RepeatMasker is a program that screens DNA sequences for interspersed repeats and low complexity DNA sequences. The output of the program is a detailed annotation of the repeats that are present in the query sequence as well as a modified version of the query sequence in which all the annotated repeats have been masked (default: replaced by Ns). On average, almost 50% of a human genomic DNA sequence currently will be masked by the program.
* Current RepeatMasker library is RepBase13.06.embl.tar.gz
* version 3.19 avaialabel at /usr/local/RepeatMasker.3.19
* version 3.16 avaialabel at /usr/local/RepeatMasker.3.16
* version 3.15 avaialabel at /usr/local/RepeatMasker.3.15
NAME
RepeatMasker - Mask repetitive DNA
SYNOPSIS
RepeatMasker [-options] <seqfiles(s) in fasta format>
DESCRIPTION
The options are:
-h(elp)
Detailed help
Default settings are for masking all type of repeats in a primate
sequence.
-w(ublast) **deprecated**
Use WU-blast, rather than cross_match as engine. Note use the new
-engine wublast option.
-de(cypher) **deprecated**
Use DeCypher, rather than cross_match as engine.
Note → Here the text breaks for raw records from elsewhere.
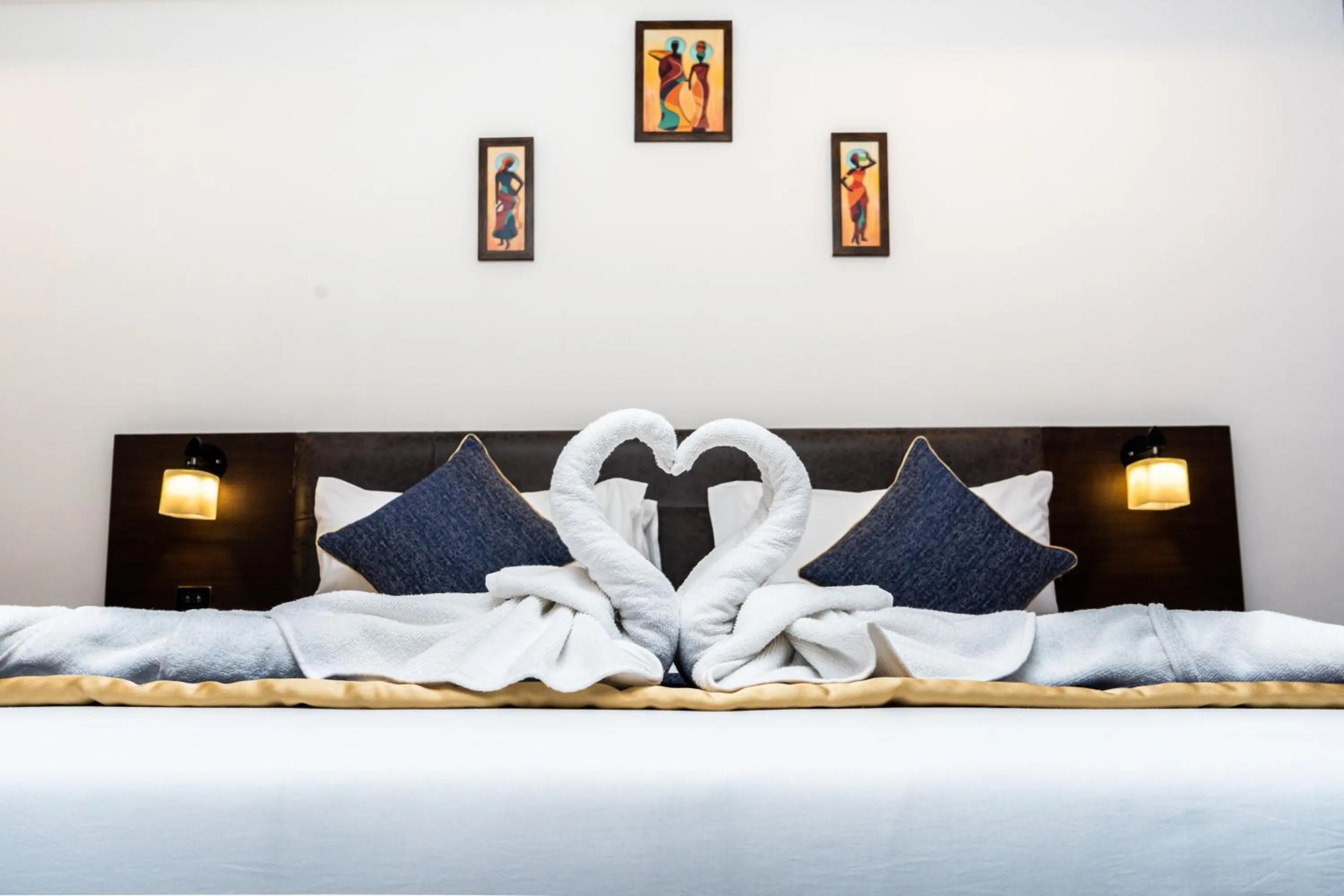 Bedroom, Bed in Marksman Resort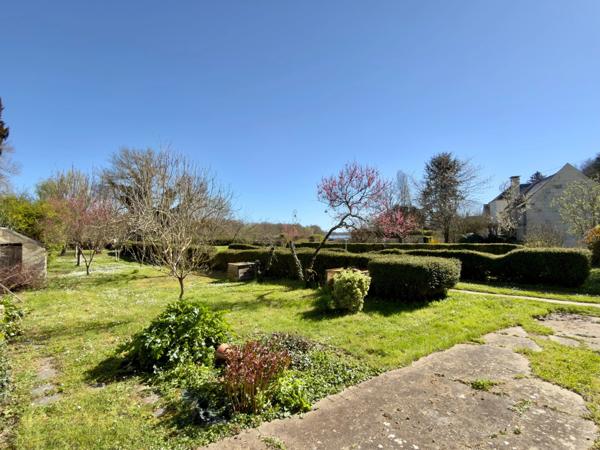 TRÈVES, Ancien Logis du début XVIIème siècle de 265m² sur jardin arboré de 1600m²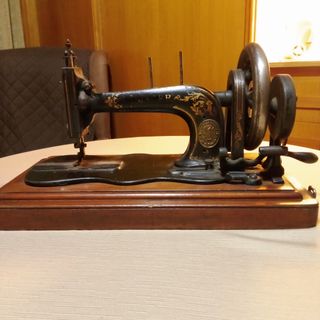 Máquina de coser antigua de mesa.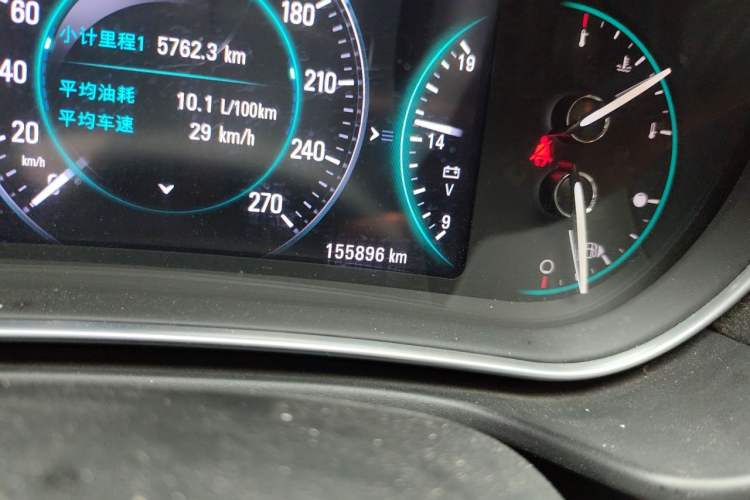 Used Buick Regal 2015 1.6T Elite Tech Model Odometer Close Up
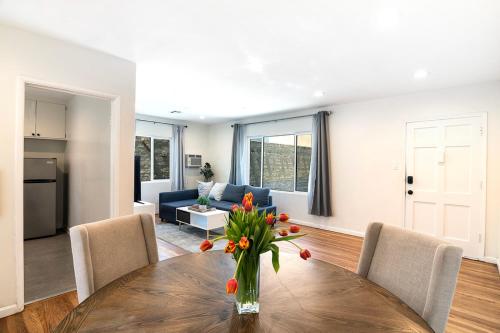 Comfortable One-Bedroom with Two Queen Beds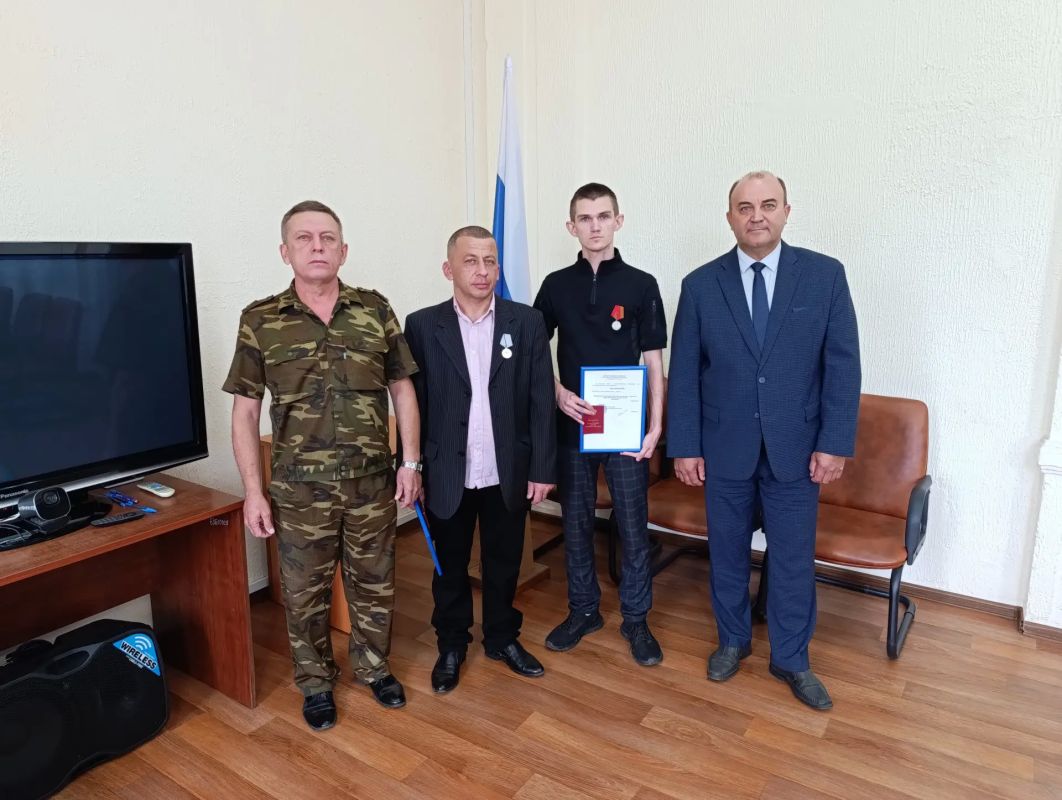 Три участника специальной военной операции Рыбинского округа удостоены государственных наград Три участника специальной военной операции Рыбинского округа удостоены государственных наград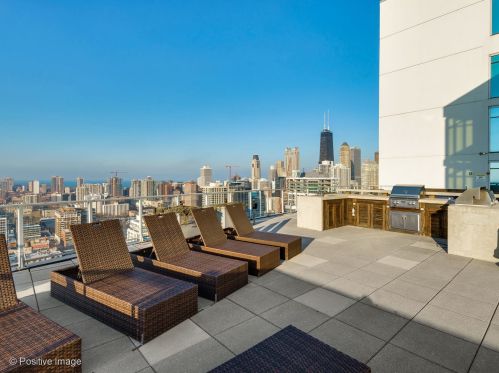 303 Ohio St, Chicago IL  60654-7963 exterior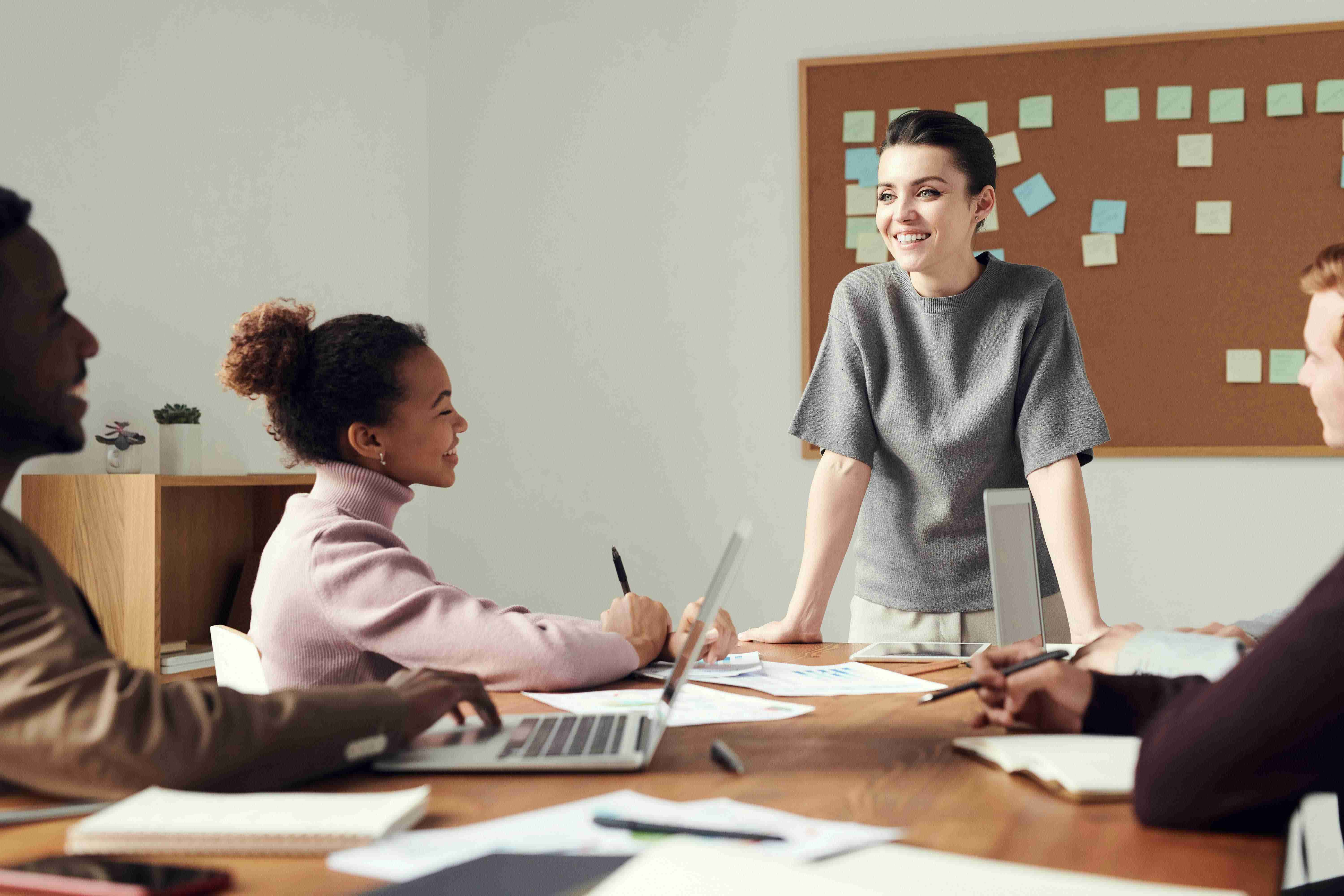 MPF in Hong Kong employer contribution guide covering payroll, enrolment, relevant income, foreign employees and offsetting rules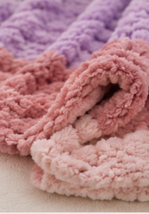 🌸Blush Dreams Handmade Chunky Knit Blankets
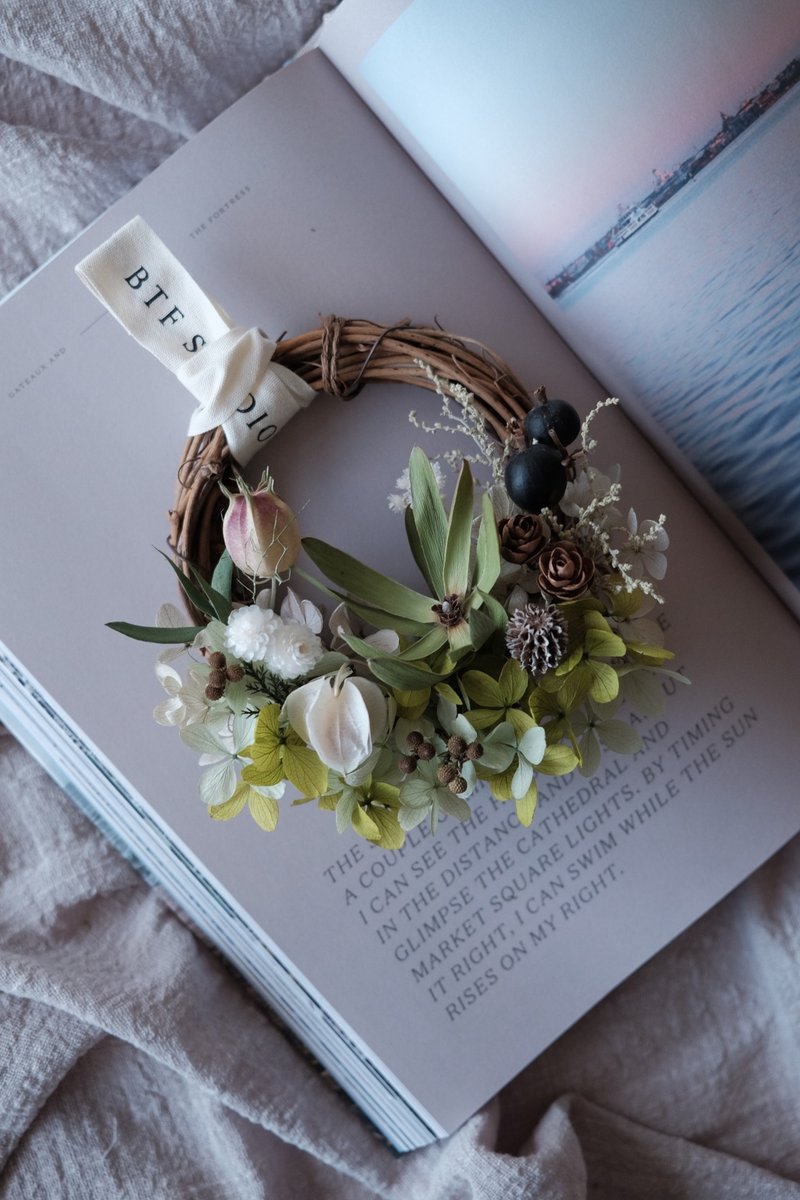 花圈壁饰 - 果实花圈 森林花圈 图恩  (附手写英文祝福卡) - 干燥花/捧花 - 植物．花 绿色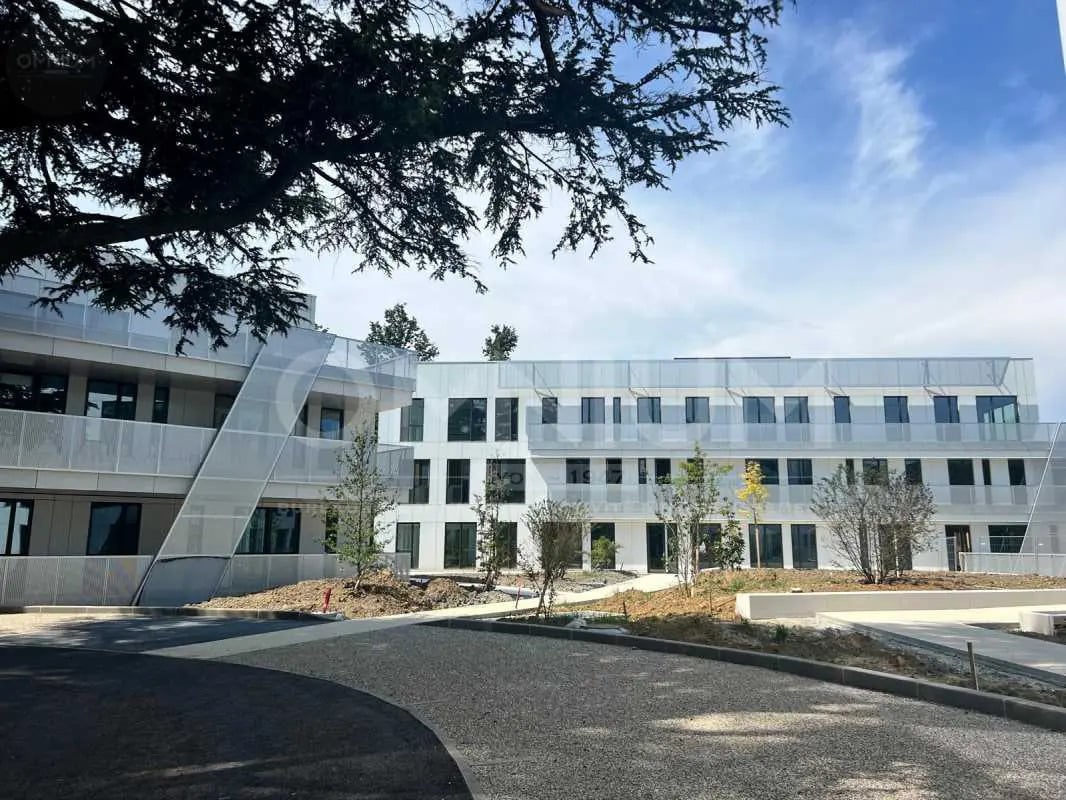 Office in Limonest for sale Primary Photo- Image 1 of 13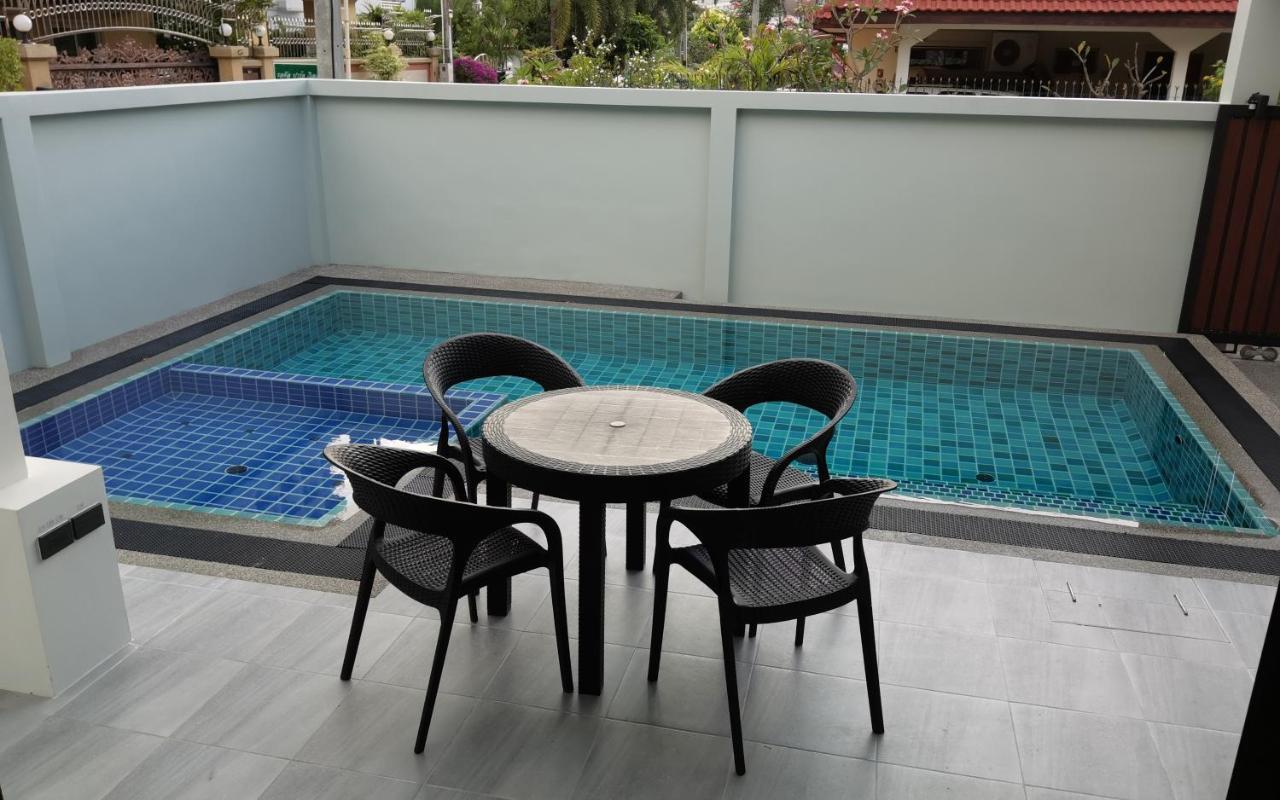 Private Pool Villa With Jacuzzi At Royal Park Village - Walk To The Beach - 6 People - Max 3 Males (Adults Only) Jomtien Beach Buitenkant foto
Note use the new
-engine decypher option.
-e(ngine) [crossmatch|wublast|decypher]
Use an alternate search engine to the default.
-pa(rallel) [number]
The number of processors to use in parallel (only works for batch
files or sequences over 50 kb)
-s Slow search; 0-5% more sensitive, 2-3 times slower than default
-q Quick search; 5-10% less sensitive, 2-5 times faster than default
-qq Rush job; about 10% less sensitive, 4->10 times faster than default
(quick searches are fine under most circumstances) repeat options
-nolow /-low
Does not mask low_complexity DNA or simple repeats
-noint /-int
Only masks low complex/simple repeats (no interspersed repeats)
-norna
Does not mask small RNA (pseudo) genes
-alu
Only masks Alus (and 7SLRNA, SVA and LTR5)(only for primate DNA)
-div [number]
Masks only those repeats < x percent diverged from consensus seq
-lib [filename]
Allows use of a custom library (e.g. from another species)
-cutoff [number]
Sets cutoff score for masking repeats when using -lib (default 225)
-species <query species>
Specify the species or clade of the input sequence. The species name
must be a valid NCBI Taxonomy Database species name and be contained
in the RepeatMasker repeat database. Some examples are:
-is_only
Only clips E coli insertion elements out of fasta and .qual files
-is_clip
Clips IS elements before analysis (default: IS only reported)
-no_is
Skips bacterial insertion element check
-rodspec
Only checks for rodent specific repeats (no repeatmasker run)
-primspec
Only checks for primate specific repeats (no repeatmasker run)
Running options
-gc [number]
Use matrices calculated for 'number' percentage background GC level
-gccalc
RepeatMasker calculates the GC content even for batch files/small
seqs
-frag [number]
Maximum sequence length masked without fragmenting (default 40000,
300000 for DeCypher)
-maxsize [nr]
Maximum length for which IS- or repeat clipped sequences can be
produced (default 4000000). Memory requirements go up with higher
maxsize.
-nocut
Skips the steps in which repeats are excised
-noisy
Prints search engine progress report to screen (defaults to .stderr
file)
-nopost
Do not postprocess the results of the run ( i.e. call ProcessRepeats
). NOTE: This options should only be used when ProcessRepeats will
be run manually on the results.
output options
-dir [directory name]
Writes output to this directory (default is query file directory,
"-dir ." will write to current directory).
-a(lignments)
Writes alignments in .align output file; (not working with -wublast)
-inv
Alignments are presented in the orientation of the repeat (with
option -a)
-lcambig
Outputs ambiguous DNA transposon fragments using a lower case name.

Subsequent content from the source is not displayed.